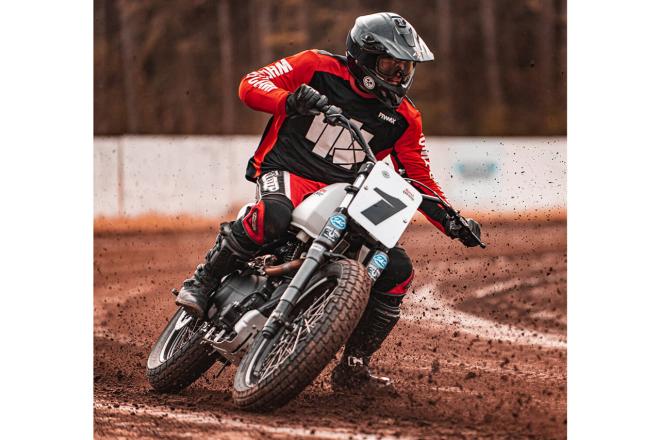 Royal Enfield building flat track racers image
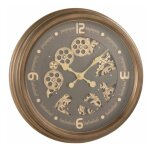 Paris prix - horloge murale rétro 'mécanisme' 52cm marron Paris prix - horloge murale rétro 'mécanisme' 52cm marron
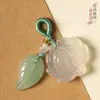 Piedra Natural Tallada Flor Hojas Espiga Pequeña Diy Hecho a Mano Pequeños Accesorios Deslizantes Anillo de Tracción Pulsera Colgante Productos Semi-acabados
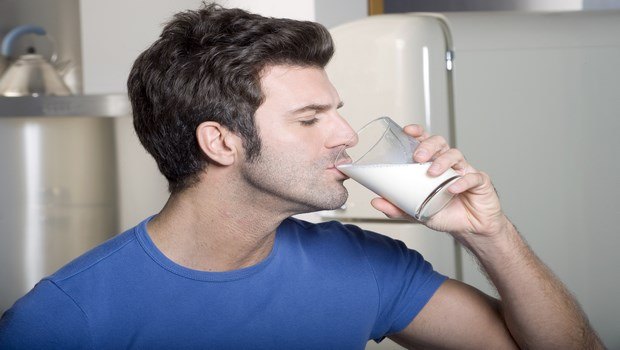 home remedies for belching-drink low-fat milk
■ ■ ■ ■ ■
■ **Directions for this task**: Each line above must be set down exactly, though no picture should be carried over.

■ **Solution to this task**:
 Royal Enfield building flat track racers image
 Paris prix - horloge murale rétro 'mécanisme' 52cm marron Paris prix - horloge murale rétro 'mécanisme' 52cm marron
 Piedra Natural Tallada Flor Hojas Espiga Pequeña Diy Hecho a Mano Pequeños Accesorios Deslizantes Anillo de Tracción Pulsera Colgante Productos Semi-acabados
 home remedies for belching-drink low-fat milk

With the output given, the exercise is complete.